Shown below is a listing with pictures; reproduce exactly, and only, the lines between the ones containing "被「同胞出賣」！震驚華人社區，紐約黑人入室搶劫強姦華女案，幕後主謀竟是華男" and "新平县烟酒回收董酒.jpg", inclusive, leaving the pictures out.

**ENTRIES PROVIDED**.
=-=-=-=-=

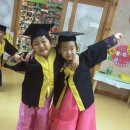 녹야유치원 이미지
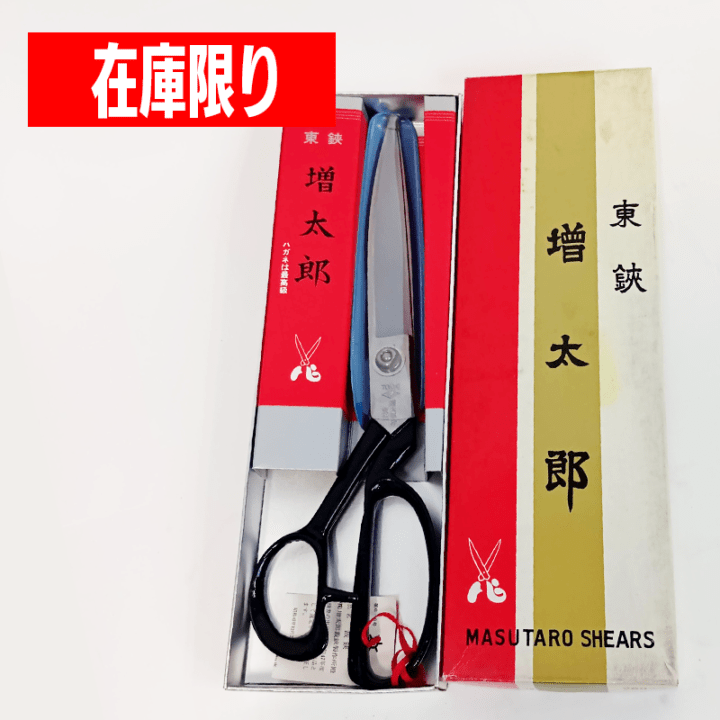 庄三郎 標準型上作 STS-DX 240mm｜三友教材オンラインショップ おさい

=-=-=-=-=

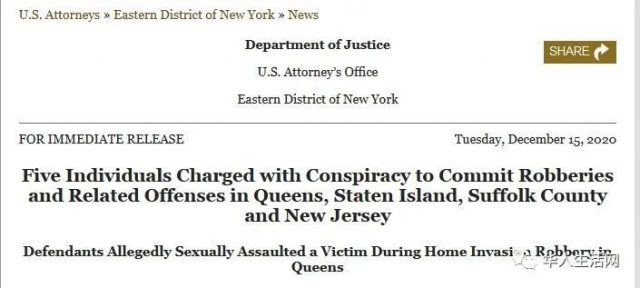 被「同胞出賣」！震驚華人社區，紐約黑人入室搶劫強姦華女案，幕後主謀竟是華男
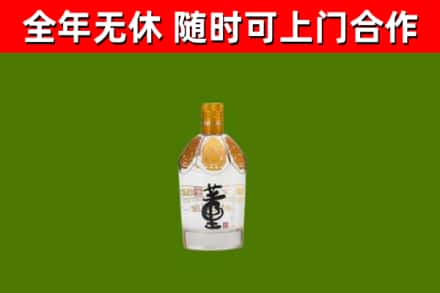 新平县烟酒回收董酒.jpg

=-=-=-=-=

**ANSWER SECTION**.
 被「同胞出賣」！震驚華人社區，紐約黑人入室搶劫強姦華女案，幕後主謀竟是華男
 新平县烟酒回收董酒.jpg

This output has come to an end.